New York is close to a sellout for the April 13 game against Philadelphia. Matt Harvey, returning from an elbow injury that has sidelined him since August 2013, slots in to start the following night, when plenty of tickets are available.
"Look, we take a lot of things into account," Alderson said Tuesday. "I think the first and foremost is: Does any pitcher deserve to pitch in a game of that sort, and I think that was the primary focus. You're assuming more people are interested in seeing Harvey pitch than Jacob. That's probably true, but not something I would acknowledge."

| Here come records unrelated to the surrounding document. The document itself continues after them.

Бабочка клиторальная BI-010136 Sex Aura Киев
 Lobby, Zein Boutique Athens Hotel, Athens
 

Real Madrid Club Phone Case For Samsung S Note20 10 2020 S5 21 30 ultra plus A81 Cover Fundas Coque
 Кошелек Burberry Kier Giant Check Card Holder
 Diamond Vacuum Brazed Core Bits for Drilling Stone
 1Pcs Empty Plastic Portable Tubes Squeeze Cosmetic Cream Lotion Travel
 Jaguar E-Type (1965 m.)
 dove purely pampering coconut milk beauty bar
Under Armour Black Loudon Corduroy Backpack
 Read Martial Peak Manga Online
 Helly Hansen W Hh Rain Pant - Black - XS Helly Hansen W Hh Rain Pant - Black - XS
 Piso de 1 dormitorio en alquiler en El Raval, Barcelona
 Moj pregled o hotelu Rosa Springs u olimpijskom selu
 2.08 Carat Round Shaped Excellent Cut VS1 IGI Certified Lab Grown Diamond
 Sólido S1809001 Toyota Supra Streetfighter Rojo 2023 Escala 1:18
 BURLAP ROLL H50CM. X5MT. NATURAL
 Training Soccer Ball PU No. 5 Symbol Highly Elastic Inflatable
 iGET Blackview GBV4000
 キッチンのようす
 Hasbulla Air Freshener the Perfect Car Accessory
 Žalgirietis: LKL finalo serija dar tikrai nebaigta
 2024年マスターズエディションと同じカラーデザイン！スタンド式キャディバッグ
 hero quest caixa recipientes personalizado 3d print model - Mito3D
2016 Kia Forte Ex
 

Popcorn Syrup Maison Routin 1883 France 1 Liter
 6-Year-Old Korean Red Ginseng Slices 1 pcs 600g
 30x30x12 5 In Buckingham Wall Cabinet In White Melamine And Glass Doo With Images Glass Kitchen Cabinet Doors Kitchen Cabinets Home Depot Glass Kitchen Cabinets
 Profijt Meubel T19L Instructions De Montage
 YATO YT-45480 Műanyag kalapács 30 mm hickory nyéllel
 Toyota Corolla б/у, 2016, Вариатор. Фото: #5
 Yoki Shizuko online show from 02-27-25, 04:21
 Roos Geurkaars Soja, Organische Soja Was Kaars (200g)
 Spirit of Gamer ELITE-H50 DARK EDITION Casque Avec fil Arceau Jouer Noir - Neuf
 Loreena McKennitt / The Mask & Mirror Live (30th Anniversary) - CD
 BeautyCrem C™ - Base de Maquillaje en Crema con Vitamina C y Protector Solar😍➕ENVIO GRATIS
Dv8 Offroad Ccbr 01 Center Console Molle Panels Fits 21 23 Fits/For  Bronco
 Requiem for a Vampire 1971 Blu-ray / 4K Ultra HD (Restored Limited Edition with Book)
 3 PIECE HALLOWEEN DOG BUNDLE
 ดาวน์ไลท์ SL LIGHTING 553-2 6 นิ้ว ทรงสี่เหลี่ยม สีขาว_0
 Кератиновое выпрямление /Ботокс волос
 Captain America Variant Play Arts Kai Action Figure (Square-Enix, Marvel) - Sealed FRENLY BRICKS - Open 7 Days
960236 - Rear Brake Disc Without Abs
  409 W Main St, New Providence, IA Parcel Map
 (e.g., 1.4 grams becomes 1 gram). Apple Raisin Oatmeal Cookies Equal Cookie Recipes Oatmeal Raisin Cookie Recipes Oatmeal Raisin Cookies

New York said Monday that Bartolo Colon will start the season opener at Washington on April 6, at 41 the oldest pitcher to start for the Mets on opening day. DeGrom, the NL Rookie of the Year, follows in the rotation; Harvey is slated to pitch April 9 against the Nationals and April 14 versus the Phillies.
Alderson said Harvey understood that because he didn't pitch in 2014, he "probably should not have been under serious consideration" for the season or home openers. Harvey said he understood the Mets rationale.
"For not throwing at all last year, I'm happy to be playing again," Harvey said Tuesday. "Whatever is decided on, when I get to throw, I'm going to be excited and all for it. Obviously Bartolo throwing 200 innings, getting 15 wins, is well-deserving of opening day. All that Jacob did last year, he deserves opening day at home. I'm happy to be throwing in the first series, and I'm extremely happy about throwing at home."
Harvey pitched 5 2-3 scoreless innings against the Yankees on Sunday and has thrown 9 2-3 consecutive shutout innings. He has a 1.26 ERA with 12 strikeouts and one walk in four starts.
"Everything feels good," Harvey said. "The big thing now is getting from 60 pitches to closer to 100. Obviously, the weather's going to be warmer down here than it is up there, so getting a little extra prepared is definitely something we want to do in the next two starts."
Colon was 15-13 with a 4.09 ERA last year and at 41 will become the oldest opening-day starting pitcher in the major leagues since April 2006, when 43-year-old Jamie Moyer was on the mound for Seattle and 42-year-old Randy Johnson for the New York Yankees.
Colon will be making his seventh opening-day start after taking the mound for Cleveland (2000-02) and the Angels (2004-06). He will become the Mets' oldest opening-day starting pitcher at 41 years, 317 days, topping Tom Glavine at 41 years, 7 days in 2007.
Mets manager Terry Collins downplayed the importance of Colon getting the opening-day start. He will be the Mets' fifth different pitcher in five years to start the opener.
"It's just one start," Mets manager Terry Collins said Monday. "I know it's a big deal to a lot of people. To me it's not. It's one of 32 starts. You go back and look at what Bart did all season long, he earned it.
"Harv's going to pitch a lot of them. Over his career, he's going to pitch a lot of opening days, but Matt Harvey doesn't really care. The whole philosophy is we have to go beat the Washington Nationals."
Harvey was 9-5 with a 2.27 ERA in 2013 and was the NL starter in the All-Star game that year.